This gives you an idea of the energy scales involved here.

So, what exactly happens will depend on what the target is made of. Certainly, though, it will explode messily no matter what; even if no energy is released at all (extremely unlikely) it will still wreak merry hell with the chemistry of the target and release an awful lot of chemical energy. And you'll get a bunch of unstable fission products left over, so you'll get a massive burst of radiation and incredibly nasty fallout.

*The favorite unit of particle physics - the energy it takes to move one electron across an electric potential difference of one volt.
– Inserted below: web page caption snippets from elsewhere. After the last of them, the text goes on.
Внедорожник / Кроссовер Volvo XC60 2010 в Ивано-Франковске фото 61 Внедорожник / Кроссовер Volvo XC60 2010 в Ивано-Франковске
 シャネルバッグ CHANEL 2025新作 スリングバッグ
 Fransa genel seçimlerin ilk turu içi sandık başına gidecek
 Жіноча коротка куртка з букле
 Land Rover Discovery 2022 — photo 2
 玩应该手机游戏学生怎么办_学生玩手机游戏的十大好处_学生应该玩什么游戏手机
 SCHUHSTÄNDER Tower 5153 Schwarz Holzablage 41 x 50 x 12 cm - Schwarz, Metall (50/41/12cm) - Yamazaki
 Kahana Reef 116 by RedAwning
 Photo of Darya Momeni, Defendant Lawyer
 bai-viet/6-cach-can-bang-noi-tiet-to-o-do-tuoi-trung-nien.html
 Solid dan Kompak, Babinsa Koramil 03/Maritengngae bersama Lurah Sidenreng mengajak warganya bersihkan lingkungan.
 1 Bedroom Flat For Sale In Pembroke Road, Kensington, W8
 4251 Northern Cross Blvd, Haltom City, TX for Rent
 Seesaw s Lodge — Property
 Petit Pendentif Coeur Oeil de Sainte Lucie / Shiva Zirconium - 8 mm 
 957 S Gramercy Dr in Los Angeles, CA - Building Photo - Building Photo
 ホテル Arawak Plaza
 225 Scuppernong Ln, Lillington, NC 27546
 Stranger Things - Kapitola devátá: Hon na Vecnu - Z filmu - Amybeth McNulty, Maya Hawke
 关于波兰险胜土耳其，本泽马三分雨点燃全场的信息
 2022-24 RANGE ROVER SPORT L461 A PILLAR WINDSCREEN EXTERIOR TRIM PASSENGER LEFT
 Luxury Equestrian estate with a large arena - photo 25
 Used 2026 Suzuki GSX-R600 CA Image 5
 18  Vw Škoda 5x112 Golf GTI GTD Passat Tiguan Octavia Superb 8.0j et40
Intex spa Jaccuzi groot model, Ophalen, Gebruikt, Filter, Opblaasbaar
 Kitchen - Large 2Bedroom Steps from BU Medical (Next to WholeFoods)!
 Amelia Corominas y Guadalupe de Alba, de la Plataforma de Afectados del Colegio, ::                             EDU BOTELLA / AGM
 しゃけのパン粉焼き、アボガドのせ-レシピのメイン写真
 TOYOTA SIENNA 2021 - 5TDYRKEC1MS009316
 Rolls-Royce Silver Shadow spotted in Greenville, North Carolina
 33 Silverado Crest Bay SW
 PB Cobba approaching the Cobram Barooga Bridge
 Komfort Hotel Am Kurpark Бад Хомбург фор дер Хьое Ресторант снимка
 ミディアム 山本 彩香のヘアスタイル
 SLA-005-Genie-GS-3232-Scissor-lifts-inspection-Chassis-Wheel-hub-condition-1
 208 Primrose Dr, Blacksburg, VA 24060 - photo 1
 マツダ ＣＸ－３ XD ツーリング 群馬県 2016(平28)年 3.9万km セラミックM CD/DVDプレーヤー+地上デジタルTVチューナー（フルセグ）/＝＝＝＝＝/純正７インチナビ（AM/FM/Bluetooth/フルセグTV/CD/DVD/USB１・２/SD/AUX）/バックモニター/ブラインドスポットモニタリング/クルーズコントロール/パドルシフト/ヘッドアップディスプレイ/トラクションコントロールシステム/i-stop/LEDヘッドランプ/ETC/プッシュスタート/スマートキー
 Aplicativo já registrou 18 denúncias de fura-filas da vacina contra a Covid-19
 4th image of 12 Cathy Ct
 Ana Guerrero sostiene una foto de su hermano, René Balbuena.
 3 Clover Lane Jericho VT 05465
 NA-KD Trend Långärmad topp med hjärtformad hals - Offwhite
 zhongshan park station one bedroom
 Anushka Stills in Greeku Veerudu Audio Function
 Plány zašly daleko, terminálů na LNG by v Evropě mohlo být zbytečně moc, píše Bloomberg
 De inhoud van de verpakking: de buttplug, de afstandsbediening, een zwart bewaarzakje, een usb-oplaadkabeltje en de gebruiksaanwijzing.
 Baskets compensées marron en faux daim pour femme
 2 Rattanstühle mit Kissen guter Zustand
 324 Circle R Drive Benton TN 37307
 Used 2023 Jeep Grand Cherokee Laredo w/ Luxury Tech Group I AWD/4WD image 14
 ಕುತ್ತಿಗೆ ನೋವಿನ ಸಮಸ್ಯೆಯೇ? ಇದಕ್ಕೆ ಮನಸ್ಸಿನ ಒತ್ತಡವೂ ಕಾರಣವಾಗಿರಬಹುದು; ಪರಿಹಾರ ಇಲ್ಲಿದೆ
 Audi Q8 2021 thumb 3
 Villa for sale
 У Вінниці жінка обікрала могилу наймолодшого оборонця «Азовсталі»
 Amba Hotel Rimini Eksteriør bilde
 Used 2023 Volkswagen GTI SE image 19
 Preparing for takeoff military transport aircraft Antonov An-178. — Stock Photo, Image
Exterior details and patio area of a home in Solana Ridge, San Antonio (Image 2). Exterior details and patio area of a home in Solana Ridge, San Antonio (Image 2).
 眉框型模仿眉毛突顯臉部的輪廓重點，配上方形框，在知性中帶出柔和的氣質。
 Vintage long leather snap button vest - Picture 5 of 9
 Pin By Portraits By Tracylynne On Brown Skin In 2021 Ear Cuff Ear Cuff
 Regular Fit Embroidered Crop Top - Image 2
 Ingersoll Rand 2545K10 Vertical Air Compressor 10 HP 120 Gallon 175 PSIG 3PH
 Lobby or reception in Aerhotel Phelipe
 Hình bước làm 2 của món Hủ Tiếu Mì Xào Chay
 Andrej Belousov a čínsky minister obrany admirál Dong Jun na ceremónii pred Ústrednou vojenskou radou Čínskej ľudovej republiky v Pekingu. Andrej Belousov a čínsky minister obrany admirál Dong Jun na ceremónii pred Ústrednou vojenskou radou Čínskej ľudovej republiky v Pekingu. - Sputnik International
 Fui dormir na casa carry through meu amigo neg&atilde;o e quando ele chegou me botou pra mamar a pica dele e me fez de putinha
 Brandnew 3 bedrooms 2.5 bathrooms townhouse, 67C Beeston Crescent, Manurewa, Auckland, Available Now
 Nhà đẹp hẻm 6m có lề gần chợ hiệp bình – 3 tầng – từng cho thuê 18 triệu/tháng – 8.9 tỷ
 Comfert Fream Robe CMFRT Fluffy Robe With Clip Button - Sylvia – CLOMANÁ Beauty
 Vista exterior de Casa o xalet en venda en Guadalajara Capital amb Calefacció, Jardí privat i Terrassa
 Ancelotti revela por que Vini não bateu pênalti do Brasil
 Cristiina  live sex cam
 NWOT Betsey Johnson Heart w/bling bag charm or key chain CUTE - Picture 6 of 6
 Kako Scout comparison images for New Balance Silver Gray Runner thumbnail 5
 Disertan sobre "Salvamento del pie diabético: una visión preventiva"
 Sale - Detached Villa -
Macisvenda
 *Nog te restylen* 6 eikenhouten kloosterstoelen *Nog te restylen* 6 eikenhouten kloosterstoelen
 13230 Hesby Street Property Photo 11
Because Einstein relates energy, momentum, and mass (as well as length and time), and Schrodinger relates energy and length, you can measure any damn thing you like by sticking constants onto eV.

Working out exactly what would happen would be really complicated, because there's lots of different atoms in things and you also have to guess at what the fission products will be and then look at their binding energies and what they decay into and with what energies, but I'd guess that it comes out to somewhere in the range of 0.1-10 MeV per atom for a typical target including decay products, and there's roughly 10^28 atoms in a human, so a person-sized target will probably get you somewhere between 40 kilotons of TNT and 4 megatons depending on composition, along with about 70 kg of weird fission products that'll probably decay pretty quickly but make for godawful fallout.

(If you were able to actually shoot at something fissile, like pure U-235, you'd get something on the order of 20 kilotons of TNT per kilogram, so like 14 megatons for our 70kg-ish human-mass target).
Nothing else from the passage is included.